Por una temporada, mi primo L fue repartidor de Uber Eats. Era joven y le gustaba estar afuera. Le gustaba, especialmente, andar en bicicleta: solo así se sentía libre, con el aire gris de la Ciudad de México en la cara, los carros haciéndole la competencia.

La bicicleta era lo que más amaba en el mundo. Y lo contagiaba. Tanto así que me enseñó a andar en la mía y me vio pacientemente hacer el ridículo en un parque en la Roma al que fuimos a practicar, educado como estaba en dar clases en las biciescuelas de la Ciudad de México. No se rió ni una vez de esta damisela en apuros, a diferencia de los escatos que hacían piruetas a unos metros.

Como repartidor de Uber no ganaba mucho, pero algo juntaba y, no menos importante, mantenía ocupada su cabeza ansiosa yendo de un lado a otro del norte de la ciudad. Las esperas entre pedidos a veces se alargaban y él pasaba el rato en alguna glorieta de la Gustavo A. Madero, rala en pasto, cotorreando con otros repartidores.

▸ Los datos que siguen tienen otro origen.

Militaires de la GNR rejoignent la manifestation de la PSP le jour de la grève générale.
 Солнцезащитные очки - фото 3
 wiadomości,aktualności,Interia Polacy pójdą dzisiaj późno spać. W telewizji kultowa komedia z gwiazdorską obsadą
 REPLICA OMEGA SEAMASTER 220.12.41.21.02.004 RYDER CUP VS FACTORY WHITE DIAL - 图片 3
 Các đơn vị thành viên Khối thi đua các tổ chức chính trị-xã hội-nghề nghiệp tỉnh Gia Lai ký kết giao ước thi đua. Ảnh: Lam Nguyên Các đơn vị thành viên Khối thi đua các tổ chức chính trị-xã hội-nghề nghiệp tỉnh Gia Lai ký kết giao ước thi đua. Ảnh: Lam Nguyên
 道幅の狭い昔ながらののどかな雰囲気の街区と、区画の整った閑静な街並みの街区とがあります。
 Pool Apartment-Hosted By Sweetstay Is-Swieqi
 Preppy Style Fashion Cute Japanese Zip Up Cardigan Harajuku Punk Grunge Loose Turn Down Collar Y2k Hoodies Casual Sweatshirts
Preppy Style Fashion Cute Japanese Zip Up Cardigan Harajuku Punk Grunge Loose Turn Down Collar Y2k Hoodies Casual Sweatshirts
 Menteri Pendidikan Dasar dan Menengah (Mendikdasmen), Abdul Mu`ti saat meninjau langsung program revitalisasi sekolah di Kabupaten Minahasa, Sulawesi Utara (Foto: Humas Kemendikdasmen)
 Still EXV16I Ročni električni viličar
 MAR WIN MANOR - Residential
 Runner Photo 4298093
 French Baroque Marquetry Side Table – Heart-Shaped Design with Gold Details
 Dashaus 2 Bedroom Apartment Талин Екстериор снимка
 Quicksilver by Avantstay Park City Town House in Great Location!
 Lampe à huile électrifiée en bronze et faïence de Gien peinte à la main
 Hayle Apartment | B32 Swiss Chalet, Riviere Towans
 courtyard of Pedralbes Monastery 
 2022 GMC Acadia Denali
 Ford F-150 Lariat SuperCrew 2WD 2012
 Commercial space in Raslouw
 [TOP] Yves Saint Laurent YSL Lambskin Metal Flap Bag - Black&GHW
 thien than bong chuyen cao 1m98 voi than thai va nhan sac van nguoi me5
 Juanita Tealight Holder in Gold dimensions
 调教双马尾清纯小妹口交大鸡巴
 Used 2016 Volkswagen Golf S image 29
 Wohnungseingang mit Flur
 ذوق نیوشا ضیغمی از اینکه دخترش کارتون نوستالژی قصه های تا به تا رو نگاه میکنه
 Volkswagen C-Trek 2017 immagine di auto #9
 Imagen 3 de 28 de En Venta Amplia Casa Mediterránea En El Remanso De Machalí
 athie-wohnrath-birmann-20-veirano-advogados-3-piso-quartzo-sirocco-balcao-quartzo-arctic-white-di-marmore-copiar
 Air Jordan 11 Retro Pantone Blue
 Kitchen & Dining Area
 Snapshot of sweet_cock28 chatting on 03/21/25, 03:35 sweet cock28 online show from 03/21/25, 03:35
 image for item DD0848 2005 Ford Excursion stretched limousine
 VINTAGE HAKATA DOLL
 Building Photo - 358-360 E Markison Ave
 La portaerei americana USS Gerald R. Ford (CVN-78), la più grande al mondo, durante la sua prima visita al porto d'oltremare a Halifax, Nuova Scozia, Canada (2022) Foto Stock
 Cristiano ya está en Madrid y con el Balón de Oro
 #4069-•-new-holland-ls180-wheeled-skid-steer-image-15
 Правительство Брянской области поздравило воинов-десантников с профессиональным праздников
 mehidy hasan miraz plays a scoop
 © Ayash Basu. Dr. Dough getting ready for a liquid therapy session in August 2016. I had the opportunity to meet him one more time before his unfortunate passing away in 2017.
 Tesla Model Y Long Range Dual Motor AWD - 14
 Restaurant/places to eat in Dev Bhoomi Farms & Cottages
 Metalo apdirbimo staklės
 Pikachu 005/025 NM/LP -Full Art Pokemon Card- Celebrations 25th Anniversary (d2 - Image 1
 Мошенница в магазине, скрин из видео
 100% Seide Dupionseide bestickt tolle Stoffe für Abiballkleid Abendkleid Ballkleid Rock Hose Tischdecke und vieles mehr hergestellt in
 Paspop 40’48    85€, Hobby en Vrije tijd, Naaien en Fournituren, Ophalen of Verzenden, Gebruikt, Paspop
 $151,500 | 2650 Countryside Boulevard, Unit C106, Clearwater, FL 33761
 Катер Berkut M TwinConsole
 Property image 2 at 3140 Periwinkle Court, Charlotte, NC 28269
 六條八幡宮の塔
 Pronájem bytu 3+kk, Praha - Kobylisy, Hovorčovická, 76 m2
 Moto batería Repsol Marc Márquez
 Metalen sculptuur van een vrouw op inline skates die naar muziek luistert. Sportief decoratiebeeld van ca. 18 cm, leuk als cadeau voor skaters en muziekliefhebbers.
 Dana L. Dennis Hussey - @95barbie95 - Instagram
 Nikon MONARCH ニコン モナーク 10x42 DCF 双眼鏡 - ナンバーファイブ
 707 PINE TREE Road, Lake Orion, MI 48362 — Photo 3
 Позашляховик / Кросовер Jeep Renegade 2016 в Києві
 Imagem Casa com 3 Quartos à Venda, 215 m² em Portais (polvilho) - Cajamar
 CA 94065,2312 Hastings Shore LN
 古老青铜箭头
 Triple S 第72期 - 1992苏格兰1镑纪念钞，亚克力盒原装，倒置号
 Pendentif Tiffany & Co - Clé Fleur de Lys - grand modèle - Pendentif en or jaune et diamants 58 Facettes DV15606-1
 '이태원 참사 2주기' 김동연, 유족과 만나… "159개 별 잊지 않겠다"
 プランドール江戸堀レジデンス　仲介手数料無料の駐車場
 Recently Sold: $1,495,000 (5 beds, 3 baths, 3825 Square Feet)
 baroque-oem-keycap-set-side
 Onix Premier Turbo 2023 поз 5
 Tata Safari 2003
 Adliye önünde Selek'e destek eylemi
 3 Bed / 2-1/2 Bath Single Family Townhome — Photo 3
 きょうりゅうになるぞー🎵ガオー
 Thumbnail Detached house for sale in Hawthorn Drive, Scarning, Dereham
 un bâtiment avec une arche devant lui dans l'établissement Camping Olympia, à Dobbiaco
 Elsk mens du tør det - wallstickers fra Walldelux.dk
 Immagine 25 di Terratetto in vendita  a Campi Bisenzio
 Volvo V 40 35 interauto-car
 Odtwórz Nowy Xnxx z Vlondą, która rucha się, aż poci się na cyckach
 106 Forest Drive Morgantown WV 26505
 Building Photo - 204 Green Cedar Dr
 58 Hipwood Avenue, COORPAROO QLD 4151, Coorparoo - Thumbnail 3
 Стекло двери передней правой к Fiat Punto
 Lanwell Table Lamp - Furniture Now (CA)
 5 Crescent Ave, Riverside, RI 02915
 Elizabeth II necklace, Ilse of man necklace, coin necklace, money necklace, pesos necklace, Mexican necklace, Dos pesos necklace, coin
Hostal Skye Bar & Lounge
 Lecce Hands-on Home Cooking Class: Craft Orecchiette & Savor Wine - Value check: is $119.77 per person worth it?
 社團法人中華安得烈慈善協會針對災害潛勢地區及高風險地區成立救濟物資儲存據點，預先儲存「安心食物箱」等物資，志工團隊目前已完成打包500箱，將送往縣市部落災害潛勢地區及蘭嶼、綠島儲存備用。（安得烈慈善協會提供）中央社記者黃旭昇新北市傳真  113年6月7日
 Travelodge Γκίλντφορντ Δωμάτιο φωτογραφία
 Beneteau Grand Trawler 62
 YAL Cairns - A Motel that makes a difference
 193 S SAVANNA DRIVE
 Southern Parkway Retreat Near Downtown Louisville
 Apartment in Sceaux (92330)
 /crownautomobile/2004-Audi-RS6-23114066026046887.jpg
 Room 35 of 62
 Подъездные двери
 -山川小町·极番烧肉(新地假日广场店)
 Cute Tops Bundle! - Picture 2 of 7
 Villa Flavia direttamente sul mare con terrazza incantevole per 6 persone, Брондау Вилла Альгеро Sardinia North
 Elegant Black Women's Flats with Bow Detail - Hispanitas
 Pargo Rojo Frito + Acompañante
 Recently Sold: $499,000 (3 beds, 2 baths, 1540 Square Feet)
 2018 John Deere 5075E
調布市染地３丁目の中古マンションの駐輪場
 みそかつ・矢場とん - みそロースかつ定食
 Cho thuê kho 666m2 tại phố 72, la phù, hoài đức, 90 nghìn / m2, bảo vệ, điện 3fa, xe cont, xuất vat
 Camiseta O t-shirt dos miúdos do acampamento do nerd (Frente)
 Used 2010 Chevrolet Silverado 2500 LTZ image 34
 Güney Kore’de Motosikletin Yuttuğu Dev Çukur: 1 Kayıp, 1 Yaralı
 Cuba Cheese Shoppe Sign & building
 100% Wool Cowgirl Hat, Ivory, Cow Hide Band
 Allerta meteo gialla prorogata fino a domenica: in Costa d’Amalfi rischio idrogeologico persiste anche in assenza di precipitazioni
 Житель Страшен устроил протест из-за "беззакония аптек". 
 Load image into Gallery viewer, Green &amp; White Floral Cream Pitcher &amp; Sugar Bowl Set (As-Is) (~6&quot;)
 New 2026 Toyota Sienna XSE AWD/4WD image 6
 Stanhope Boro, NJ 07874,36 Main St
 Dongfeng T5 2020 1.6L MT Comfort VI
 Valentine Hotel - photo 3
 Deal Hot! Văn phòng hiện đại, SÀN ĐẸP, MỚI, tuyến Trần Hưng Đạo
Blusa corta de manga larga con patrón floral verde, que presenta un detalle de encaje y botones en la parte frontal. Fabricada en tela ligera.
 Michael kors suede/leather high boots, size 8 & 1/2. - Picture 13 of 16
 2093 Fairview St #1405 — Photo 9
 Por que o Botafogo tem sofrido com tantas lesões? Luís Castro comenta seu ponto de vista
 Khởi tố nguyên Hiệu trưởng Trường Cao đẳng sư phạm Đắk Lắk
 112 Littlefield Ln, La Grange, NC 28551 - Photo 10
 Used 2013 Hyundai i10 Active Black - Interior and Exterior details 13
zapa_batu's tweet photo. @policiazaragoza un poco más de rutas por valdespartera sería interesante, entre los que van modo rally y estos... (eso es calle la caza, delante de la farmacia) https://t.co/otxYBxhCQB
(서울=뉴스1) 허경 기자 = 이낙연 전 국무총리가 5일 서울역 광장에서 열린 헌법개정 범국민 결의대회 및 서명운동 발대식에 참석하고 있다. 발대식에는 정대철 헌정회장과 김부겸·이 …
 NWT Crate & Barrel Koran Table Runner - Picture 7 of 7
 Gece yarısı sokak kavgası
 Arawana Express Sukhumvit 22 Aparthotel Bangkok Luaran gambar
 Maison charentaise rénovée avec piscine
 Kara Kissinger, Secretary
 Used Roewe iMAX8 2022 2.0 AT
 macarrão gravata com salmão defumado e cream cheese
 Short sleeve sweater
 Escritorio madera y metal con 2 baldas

Lo sé porque subía videos a Instagram donde se veía asoleado pero contento, riendo con esa voz grave y amable que tenía. 

Lo que ganaba por cada entrega, digamos el combo de hamburguesa que alguien (por ejemplo yo) pedía con una mano mientras con la otra se rascaba el ombligo un sábado por la tarde, le daba una suma de entre $20 y $40. Si él siguiera trabajando de eso, sus ganancias mensuales serían de entre $7,000 y $14,000, dependiendo de qué tan devoto de la causa fuera (entiéndase: de si pedaleara desde el amanecer hasta el agotamiento).

Actualmente, una persona con ese empleo, que además paga por encima de la lamentable media, batallaría para rentar en la Gustavo A. Madero, su alcaldía, la quinta más barata en la ciudad. Una renta promedio ahí está en casi $10,000.

La onda de subidones de renta, de encarecimiento de todo, no sacude nada más las colonias con mayor gentrificación: se está llevando entre sus aguas a todo el ex Distrito Federal. Nos vamos acercando a una ciudad que solo existe para quienes pueden pagarla. Y cada vez menos podemos.

A veces me pongo a pensar cómo viviría L ahora. Cómo sería recorrer en bicicleta las calles de una ciudad cada vez más exclusiva, en el único sentido posible: la que a la vez expulsa gente de su vivienda, pero necesita de esas mismas personas para sostenerla, desde sus caprichos más superfluos hasta el mero corazón de su funcionamiento. Una ciudad que divide con una profunda línea a quiénes merecen vivir en ella y quienes tienen que decir adiós. Me pregunto de qué lado de la línea quedaría él.